Ghost Lights by Lydia Millet
Blame the zeitgeist, I suppose. In the same year that a former IRS attorney has spent most of her batty Republican nomination bid railing against taxes, we get two novels from literary heavyweights that use the most reviled of government agencies as ballast for their stories: first David Foster Wallace’s The Pale King and now Lydia Millet’s Ghost Lights. But whereas The Pale King uses a Peoria tax office as a diorama, Millet’s protagonist, Hal, wants nothing more than to escape the confines of his.
Picking up in the vicinity of where her last novel, How the Dead Dream, left off, Ghost Lights finds new protagonist Hal flying to Belize to find the previous novel’s main man T., who disappeared there months before. Hal’s wife is T.’s executive assistant, and when she contemplates hiring a private investigator to root out her boss, Hal volunteers, claiming his experience at the IRS qualifies him to track a person down. The truth is Hal suspects his wife of cheating on him, and his decision to embark on a hero’s quest is as much fueled by booze and insecurity as it is by any sense of righteousness.
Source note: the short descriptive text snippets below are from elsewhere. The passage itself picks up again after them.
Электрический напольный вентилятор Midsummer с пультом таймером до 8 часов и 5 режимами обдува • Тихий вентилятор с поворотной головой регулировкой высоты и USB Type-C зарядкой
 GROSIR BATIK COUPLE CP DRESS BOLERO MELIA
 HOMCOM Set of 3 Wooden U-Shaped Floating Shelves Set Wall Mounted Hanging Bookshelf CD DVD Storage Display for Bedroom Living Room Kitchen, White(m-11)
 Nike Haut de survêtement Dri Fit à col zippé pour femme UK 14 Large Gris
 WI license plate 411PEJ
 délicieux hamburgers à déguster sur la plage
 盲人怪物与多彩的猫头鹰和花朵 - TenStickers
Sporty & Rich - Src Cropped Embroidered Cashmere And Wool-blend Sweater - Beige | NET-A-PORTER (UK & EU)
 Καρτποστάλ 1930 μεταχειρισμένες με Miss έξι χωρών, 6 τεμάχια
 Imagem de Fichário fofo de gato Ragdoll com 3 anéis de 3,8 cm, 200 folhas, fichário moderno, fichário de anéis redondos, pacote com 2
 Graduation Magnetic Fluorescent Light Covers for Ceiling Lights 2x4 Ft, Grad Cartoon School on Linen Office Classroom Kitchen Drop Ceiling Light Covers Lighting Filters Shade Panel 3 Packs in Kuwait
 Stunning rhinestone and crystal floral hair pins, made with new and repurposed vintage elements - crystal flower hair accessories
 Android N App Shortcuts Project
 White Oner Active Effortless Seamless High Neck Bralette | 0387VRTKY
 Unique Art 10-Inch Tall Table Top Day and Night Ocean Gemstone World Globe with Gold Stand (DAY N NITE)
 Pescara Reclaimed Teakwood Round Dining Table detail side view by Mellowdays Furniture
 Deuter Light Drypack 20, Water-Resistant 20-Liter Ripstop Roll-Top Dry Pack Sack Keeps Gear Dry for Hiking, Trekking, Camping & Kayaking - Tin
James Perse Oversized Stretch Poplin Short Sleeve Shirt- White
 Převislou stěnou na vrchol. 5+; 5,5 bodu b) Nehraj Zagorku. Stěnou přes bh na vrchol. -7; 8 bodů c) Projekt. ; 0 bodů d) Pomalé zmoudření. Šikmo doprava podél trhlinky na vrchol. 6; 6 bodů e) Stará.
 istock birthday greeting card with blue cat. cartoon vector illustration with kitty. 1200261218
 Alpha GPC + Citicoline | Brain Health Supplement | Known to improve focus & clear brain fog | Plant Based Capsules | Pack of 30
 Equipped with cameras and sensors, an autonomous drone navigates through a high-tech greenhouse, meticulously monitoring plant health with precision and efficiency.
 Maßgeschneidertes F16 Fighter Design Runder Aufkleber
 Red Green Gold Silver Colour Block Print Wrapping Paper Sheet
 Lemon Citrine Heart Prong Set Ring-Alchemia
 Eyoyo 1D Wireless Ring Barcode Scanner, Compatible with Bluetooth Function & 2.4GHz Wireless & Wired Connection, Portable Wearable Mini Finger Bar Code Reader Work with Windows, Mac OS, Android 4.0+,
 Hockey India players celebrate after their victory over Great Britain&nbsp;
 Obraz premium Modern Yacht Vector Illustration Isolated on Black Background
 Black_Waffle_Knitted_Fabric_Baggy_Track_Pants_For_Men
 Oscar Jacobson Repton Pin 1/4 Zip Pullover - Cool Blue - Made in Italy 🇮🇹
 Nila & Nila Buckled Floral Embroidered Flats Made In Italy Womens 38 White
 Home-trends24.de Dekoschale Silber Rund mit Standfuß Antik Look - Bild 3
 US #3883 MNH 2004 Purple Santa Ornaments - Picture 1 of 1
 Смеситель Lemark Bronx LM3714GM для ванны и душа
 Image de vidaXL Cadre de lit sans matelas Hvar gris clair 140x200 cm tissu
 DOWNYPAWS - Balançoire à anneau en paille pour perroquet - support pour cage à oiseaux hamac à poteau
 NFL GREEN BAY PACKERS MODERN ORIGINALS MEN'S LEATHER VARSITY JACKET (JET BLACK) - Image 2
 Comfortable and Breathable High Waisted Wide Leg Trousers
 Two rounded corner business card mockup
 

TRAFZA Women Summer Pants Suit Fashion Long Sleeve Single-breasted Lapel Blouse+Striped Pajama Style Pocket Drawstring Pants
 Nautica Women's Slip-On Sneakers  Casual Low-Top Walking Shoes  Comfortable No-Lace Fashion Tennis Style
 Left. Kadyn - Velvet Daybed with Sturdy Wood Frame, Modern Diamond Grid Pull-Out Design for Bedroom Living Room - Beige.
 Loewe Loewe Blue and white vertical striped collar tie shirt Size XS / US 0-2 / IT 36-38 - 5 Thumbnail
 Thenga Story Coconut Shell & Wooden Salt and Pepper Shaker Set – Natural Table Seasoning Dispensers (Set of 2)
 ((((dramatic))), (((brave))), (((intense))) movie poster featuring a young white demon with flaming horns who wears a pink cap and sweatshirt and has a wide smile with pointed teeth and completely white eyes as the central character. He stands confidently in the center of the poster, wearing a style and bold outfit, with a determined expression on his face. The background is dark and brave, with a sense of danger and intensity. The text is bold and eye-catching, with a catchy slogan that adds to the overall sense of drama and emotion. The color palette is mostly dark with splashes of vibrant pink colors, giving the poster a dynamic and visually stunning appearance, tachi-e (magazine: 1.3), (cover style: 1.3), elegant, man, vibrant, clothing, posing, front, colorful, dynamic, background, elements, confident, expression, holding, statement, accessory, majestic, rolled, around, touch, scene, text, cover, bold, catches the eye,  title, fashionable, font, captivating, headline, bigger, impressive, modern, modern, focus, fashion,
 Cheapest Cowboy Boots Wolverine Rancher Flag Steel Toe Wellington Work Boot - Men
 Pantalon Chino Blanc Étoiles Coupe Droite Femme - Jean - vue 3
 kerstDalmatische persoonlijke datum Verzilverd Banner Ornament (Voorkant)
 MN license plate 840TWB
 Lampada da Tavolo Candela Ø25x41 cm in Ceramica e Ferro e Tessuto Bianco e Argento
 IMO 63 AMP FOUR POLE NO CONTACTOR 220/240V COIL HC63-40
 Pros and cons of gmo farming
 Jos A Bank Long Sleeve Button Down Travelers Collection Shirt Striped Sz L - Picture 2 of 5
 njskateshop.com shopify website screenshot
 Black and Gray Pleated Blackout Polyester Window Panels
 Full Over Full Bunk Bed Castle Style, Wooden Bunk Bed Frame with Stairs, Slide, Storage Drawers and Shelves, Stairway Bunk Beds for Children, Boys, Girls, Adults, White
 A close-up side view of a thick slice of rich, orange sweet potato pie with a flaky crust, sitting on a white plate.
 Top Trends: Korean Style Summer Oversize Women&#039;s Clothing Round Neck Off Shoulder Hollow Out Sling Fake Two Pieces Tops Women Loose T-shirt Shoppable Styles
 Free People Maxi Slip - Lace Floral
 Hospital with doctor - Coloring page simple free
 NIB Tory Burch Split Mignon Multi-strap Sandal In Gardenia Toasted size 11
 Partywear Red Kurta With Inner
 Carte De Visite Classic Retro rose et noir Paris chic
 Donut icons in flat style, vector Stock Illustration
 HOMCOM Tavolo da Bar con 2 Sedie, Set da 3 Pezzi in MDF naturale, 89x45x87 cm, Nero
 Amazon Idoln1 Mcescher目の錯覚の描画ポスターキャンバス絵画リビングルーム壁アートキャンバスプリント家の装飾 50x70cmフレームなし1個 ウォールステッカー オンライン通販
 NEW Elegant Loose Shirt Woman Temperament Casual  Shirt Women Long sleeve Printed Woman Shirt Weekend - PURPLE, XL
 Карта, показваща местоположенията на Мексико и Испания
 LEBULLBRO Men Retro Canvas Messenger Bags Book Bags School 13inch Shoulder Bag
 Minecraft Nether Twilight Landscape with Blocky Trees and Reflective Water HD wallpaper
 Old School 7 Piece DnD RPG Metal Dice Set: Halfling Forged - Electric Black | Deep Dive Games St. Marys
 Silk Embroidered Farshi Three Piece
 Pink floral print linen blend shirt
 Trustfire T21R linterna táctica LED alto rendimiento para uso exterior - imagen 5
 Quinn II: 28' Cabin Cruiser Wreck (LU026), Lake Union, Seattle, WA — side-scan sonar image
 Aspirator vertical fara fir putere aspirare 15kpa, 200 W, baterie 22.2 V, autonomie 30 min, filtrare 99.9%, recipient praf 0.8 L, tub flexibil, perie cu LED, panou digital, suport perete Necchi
As was the case in How the Dead Dream, the book is largely built as a catapult propelling its protagonist and the reader into new territory, but where How the Dead Dream got lost with T. in the wilderness, Ghost Lights finds more to explore in Hal’s mildness. A much more contemplative novel—where T. is led by action and bravado, Hal prefers to ruminate and be led—Ghost Lights puts together a clearer vision of the previous book’s themes of the way identity is tied up with social purpose.